After Nehemiah completed rebuilding the wall around Jerusalem, he found a list of all the Jews that returned to Jerusalem after their captivity in Babylon had ended. The list was created at the time of the first exiles return, but was most likely modified later as additional waves of people came back to Jerusalem. The list of people recorded in Nehemiah 7:6-66 began with the names of the men that led the expeditions from as far away as Susa, the capital of Persia. The introduction and conclusion read, “These are the children of the province, that went up out of the captivity, of those that had been carried away, whom Nebuchadnezar the king of Babylon had carried away, and came again to Jerusalem and to Judah, every one unto his city; who came with Zerubbabel, Jeshua, Nehemiah, Azariah, Raamiah, Nahamani, Mordecai, Bilshan, Mispereth, Bigvai, Nehum, Baanah, The number, I say, of the men of the people of Israel was this…The whole congregation together was forty and two thousand three hundred and threescore” (Nehemiah 7:6-7,66).

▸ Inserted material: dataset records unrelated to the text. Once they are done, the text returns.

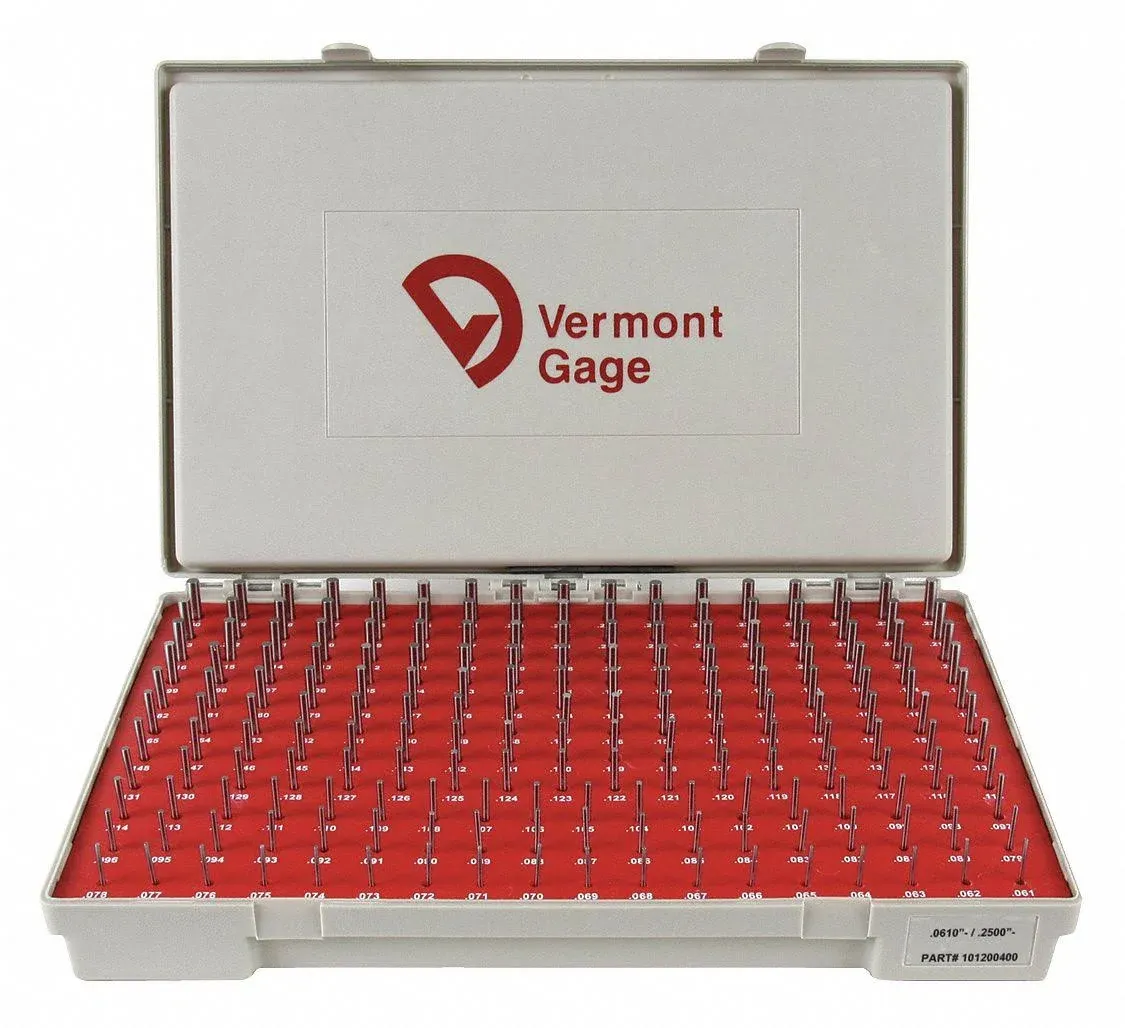 Vermont Gage 0.061 to 0.25&#034; Class ZZ Minus Plug &amp; Pin Gage Set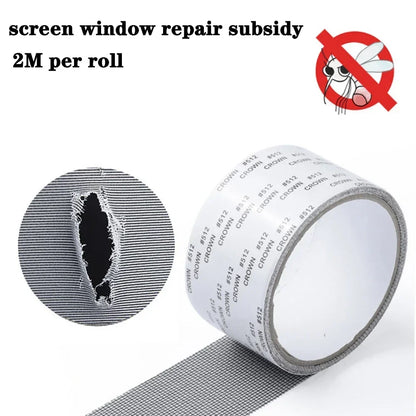 Waterproof Window Screen Repair Tape with Self-Adhesive Anti-Insect Mesh for Quick and Easy Window and Tent Fixes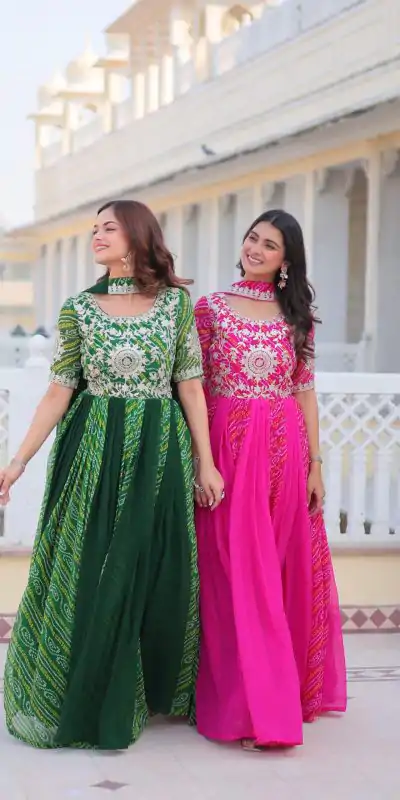 Ram 075 Pink Color Bandhej Fox Georgette Sequence Work Gown Casual, Wedding, Party, Festive, Events Etc.4-6 Working Days@ 2049/-only | Bollywood Gowns, Creative Gowns, Designer Gowns, Embroidered Gowns, Gowns, Party Wear Gowns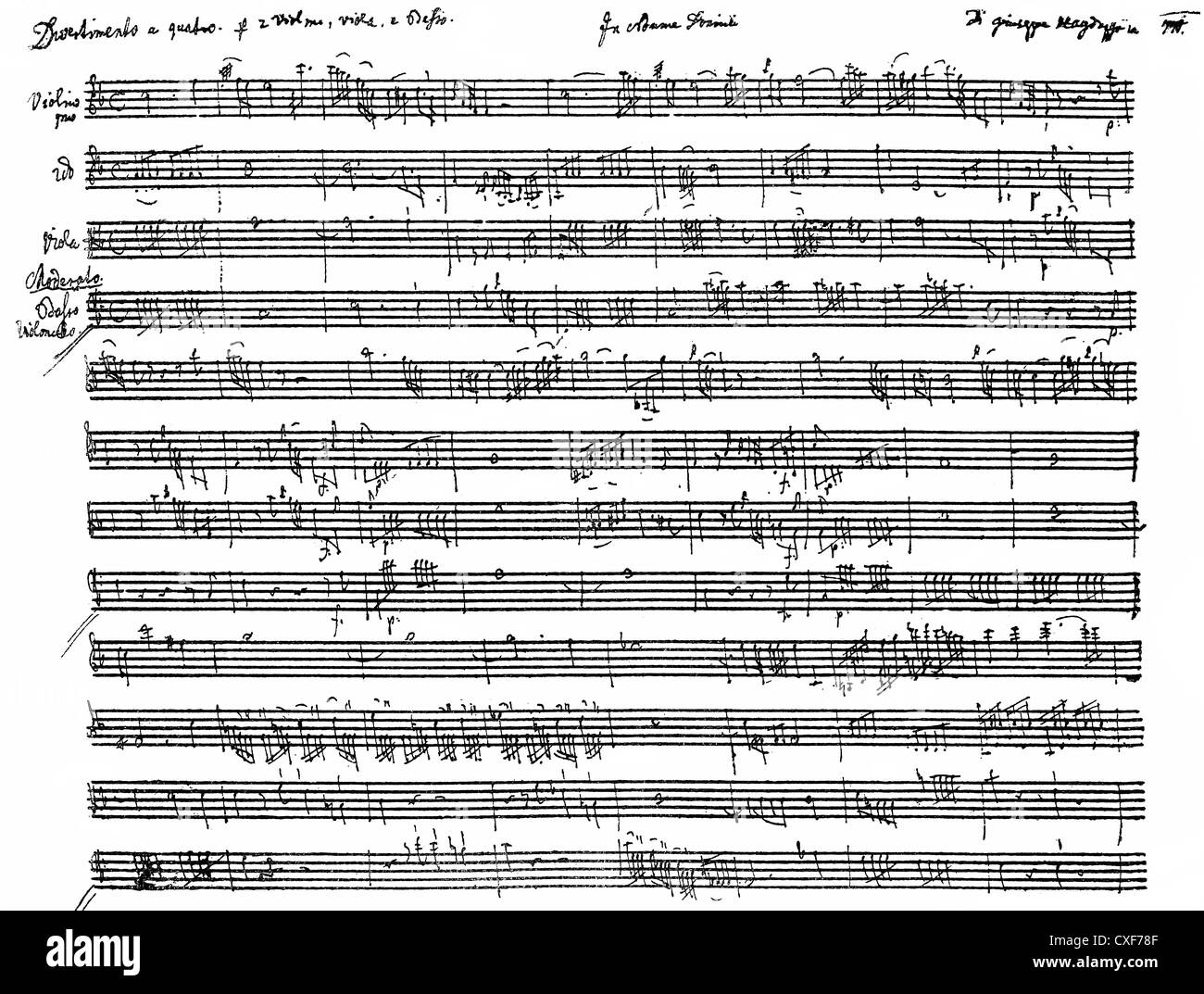 'Divertimento' String Quartet, storico foglio di musica, manoscritto, di Franz Joseph Haydn, 1732 - 1809, un compositore austriaco Foto Stock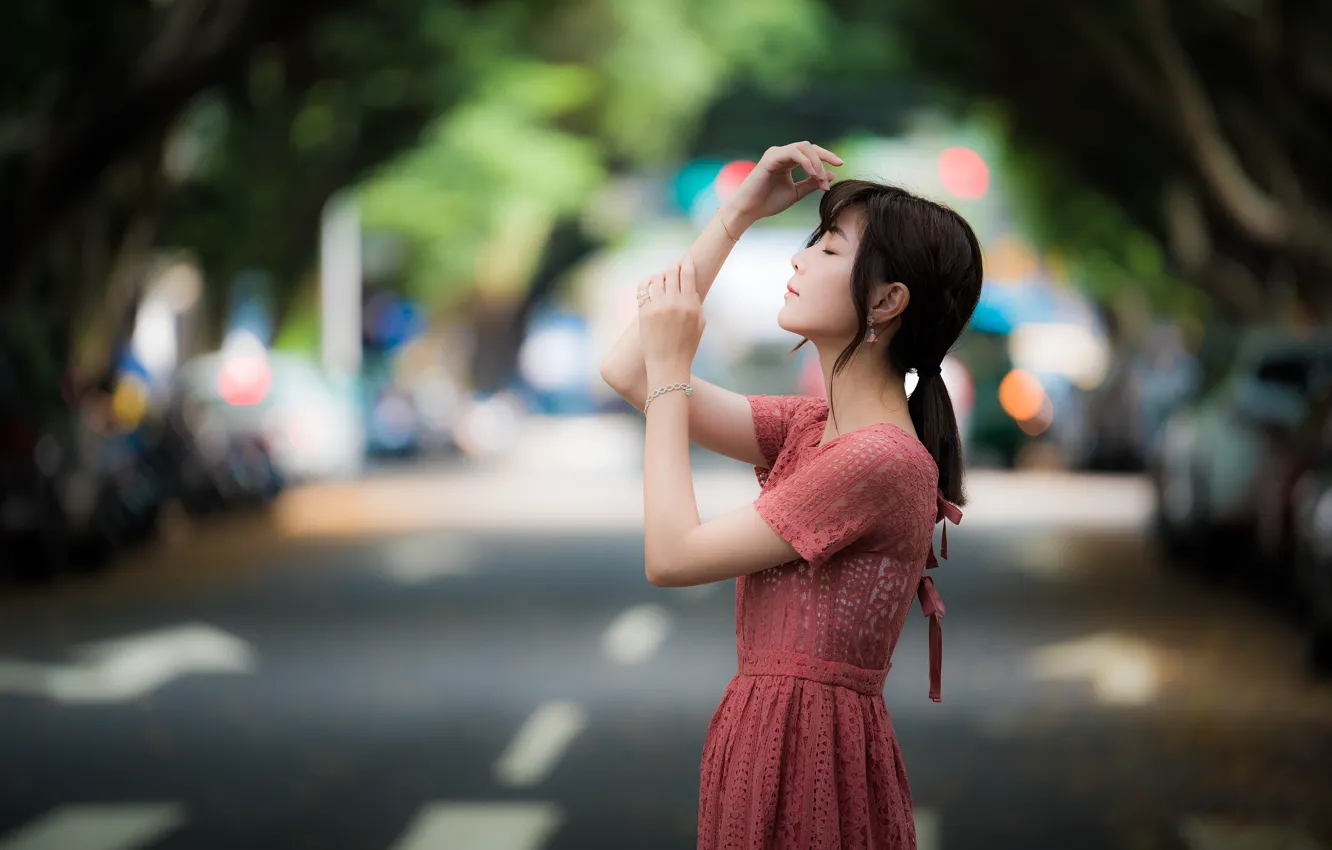 Photo wallpaper girl, pose, Asian, cutie, bokeh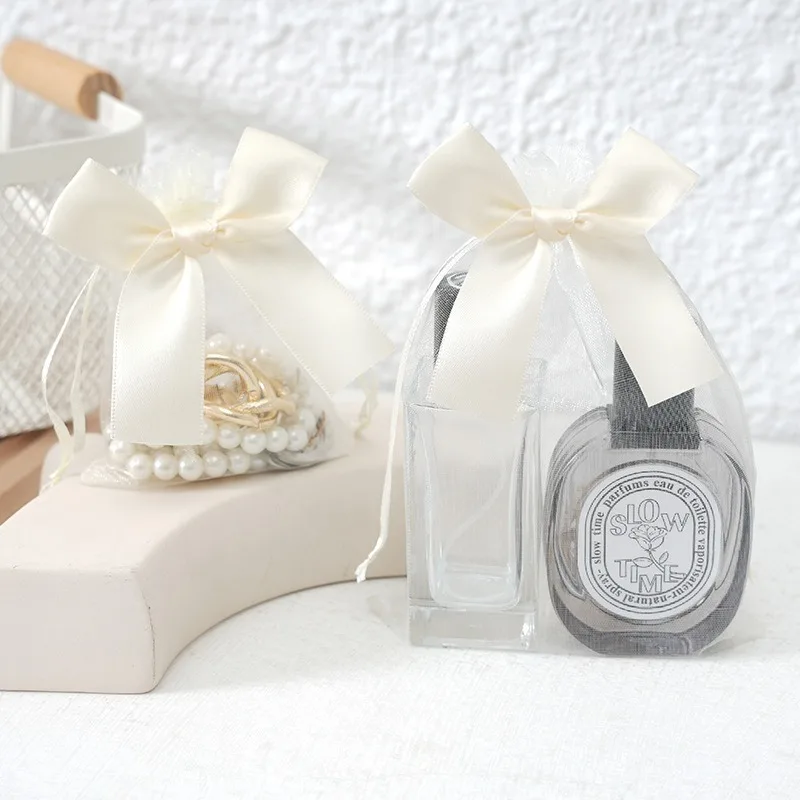 50 teile/los Bowknot Organza Geschenk Tasche Mehrfarbige Kordelzug Weihnachten Hochzeit Süßigkeiten Geschenk Tasche Kosmetik Parfüm Exquisite Verpackung – Detail 3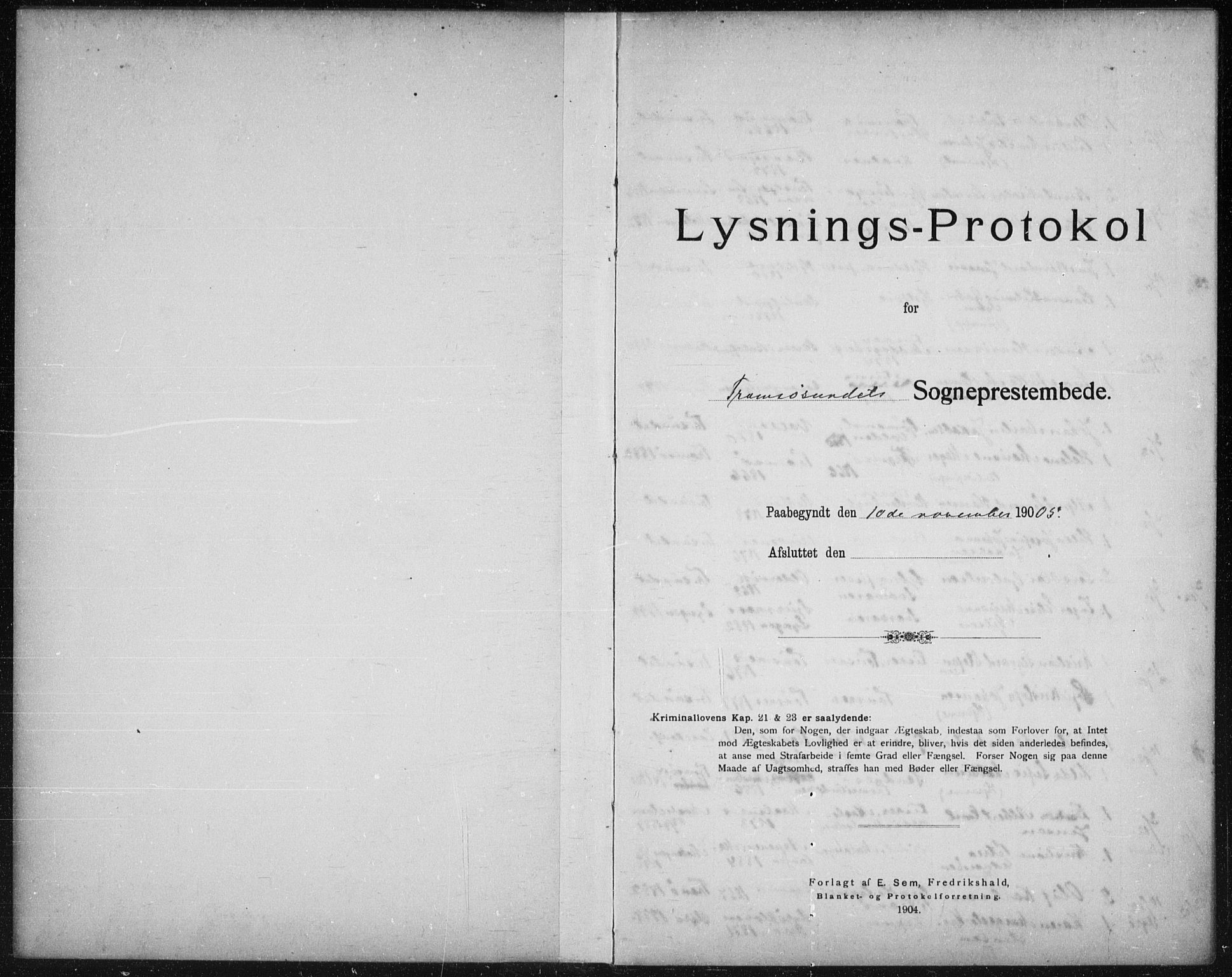 Tromsøysund sokneprestkontor, AV/SATØ-S-1304/H/Hc/L0058: Banns register no. 58, 1905-1912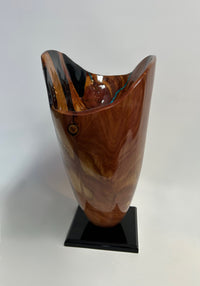 Purple Heart Juniper Vase with Dichroic Glass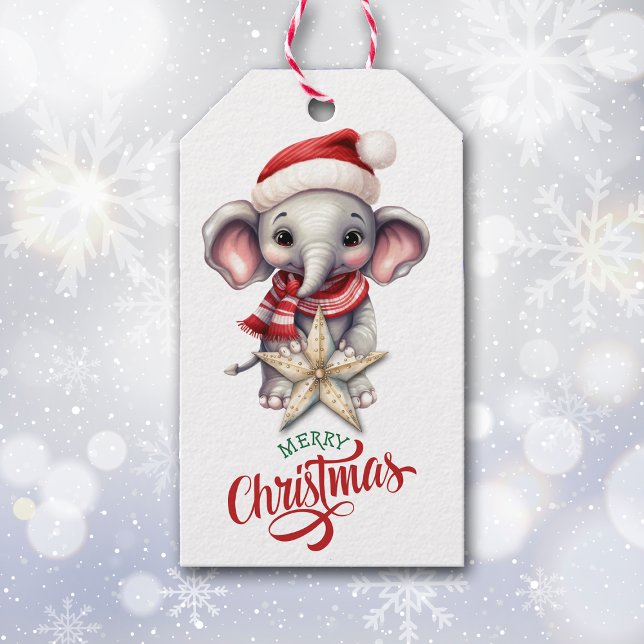Cute jul Elephant Guld Star Presentetikett (Skapare uppladdad)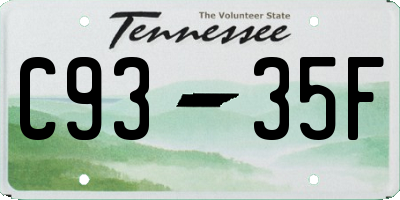 TN license plate C9335F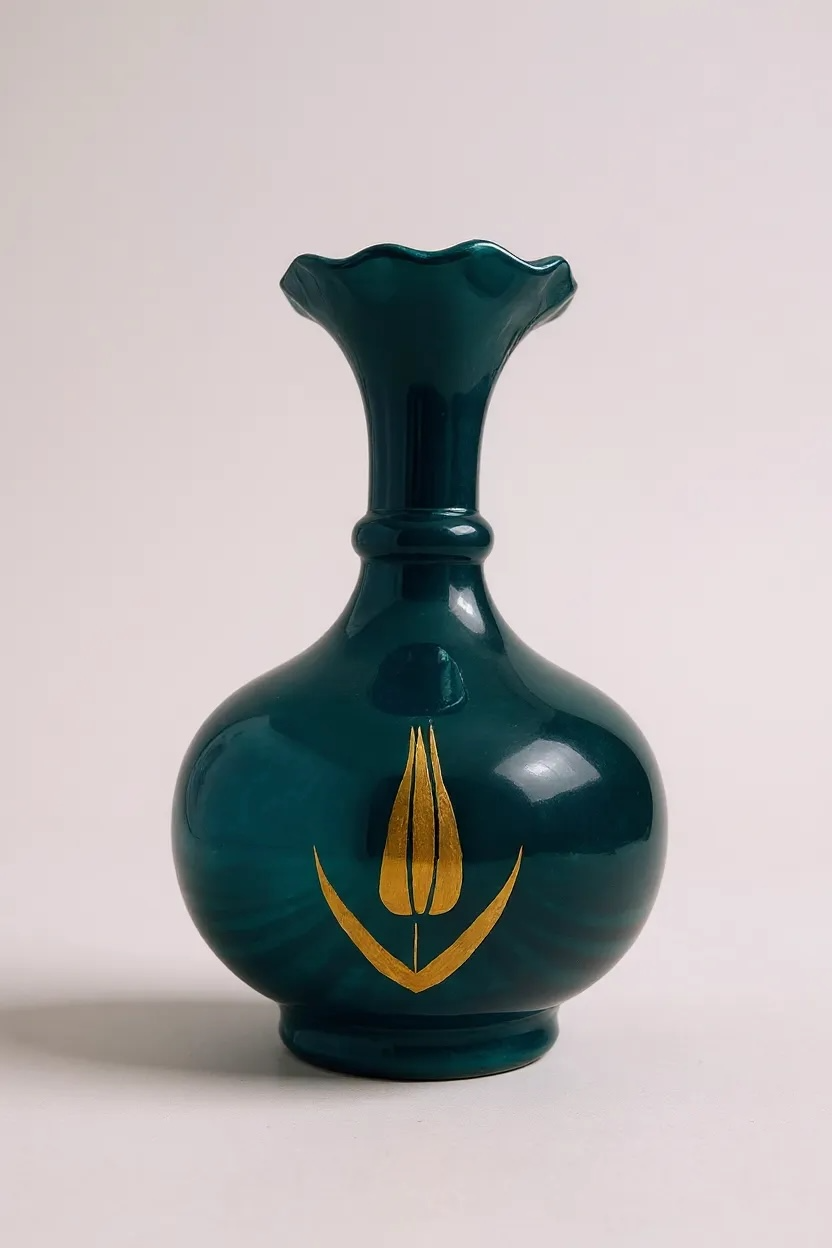 El Yapımı 30Cm Altın Yaldızlı Turkuaz Marul Çini Vazo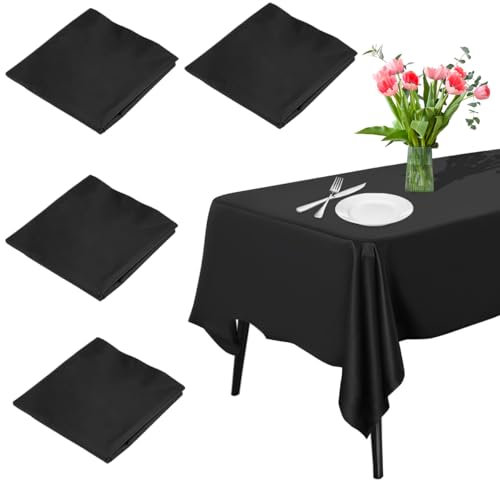 Tischdecke Schwarz, 4 Stück Einweg Tischdecke Schwarze, Einwegtischdecken Wasserdicht 137 x 274 cm, Rechteckig Tischdecken, Plastik Party Tischdecke für Geburtstage, Hochzeiten, Bankette, Weihnachten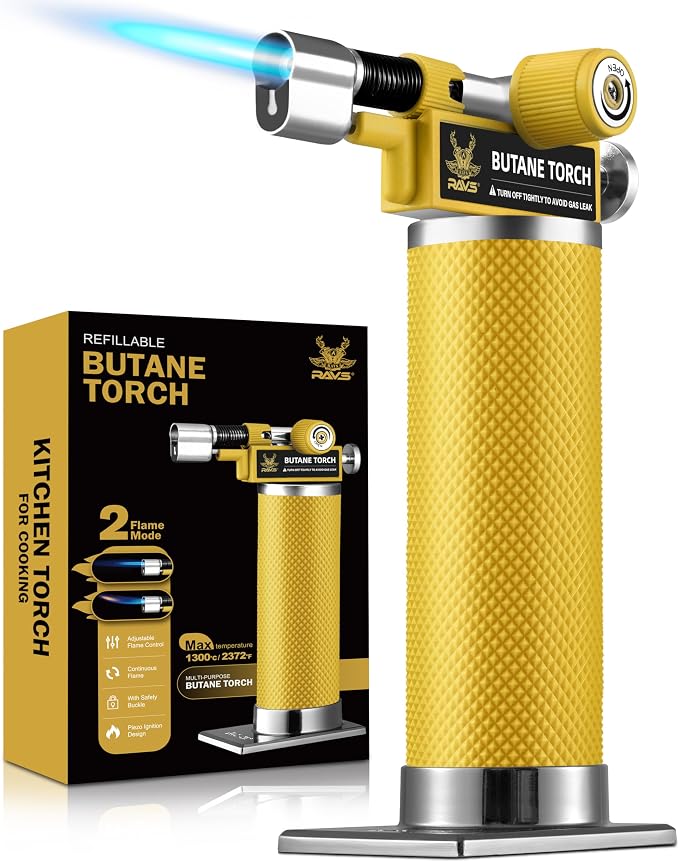 RAVS DUAL Flame Mode Butane Torch Lighter, Refillable Kitchen Torch, Metal Body Creme Brulee Torch for Baking, Cooking, Resin Art with Adjustable Flame, Green Soldering Torch, Butane Gas Not Included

The final number; 42,360 represented the totality of what was referred to throughout the Old Testament of the Bible as the remnant. The Hebrew term translated remnant, she’ar (sheh – awr´) or she’eriyth (sheh – ay – reeth´) means a remainder. “The idea of the remnant plays a prominent part in the divine economy of salvation throughout the Old Testament. The remnant concept is applied especially to the Israelites who survived such calamities as war, pestilence, and famine – people whom the Lord in His mercy spared to be His chosen people (2 Kings 19:31; Ezra 9:14). The Israelites repeatedly suffered major catastrophes that brought them to the brink of extinction…Zechariah announced that a remnant would be present at the time of the coming of the Messiah’s kingdom” (7611). The significance of having a list of the returned exiles was the documentation it provided for the size of congregation that met to hear Ezra read from the book of the law (Nehemiah 8:1).
Nehemiah stated, “Now the city was large and great: but the people were few therein, and the houses were not builded” (Nehemiah 7:4). Although the exact dimensions are not known, the size of the rebuilt city of Jerusalem is estimated to be about 4000 feet or less than a mile in length and about 500 – 1000 feet wide. By today’s estimates, the rebuilt city of Jerusalem was actually very small. There would have been about 132 people per acre of land if everyone was living inside the city walls. The Hebrew word Nehemiah used that is translated large actually has nothing to do with size. Yad (yawd) means “a hand (the open one [indicating power, means, direction, etc.] in distinction from 3709, the closed one)…This is a figure of speech, an anthropomorphism, by which God promises his protection” (3027). What Nehemiah was probably saying was that the walled city of Jerusalem was larger than what was needed to protect the 42,360 returned exiles from harm. God had provided them with plenty of room to multiply their numbers.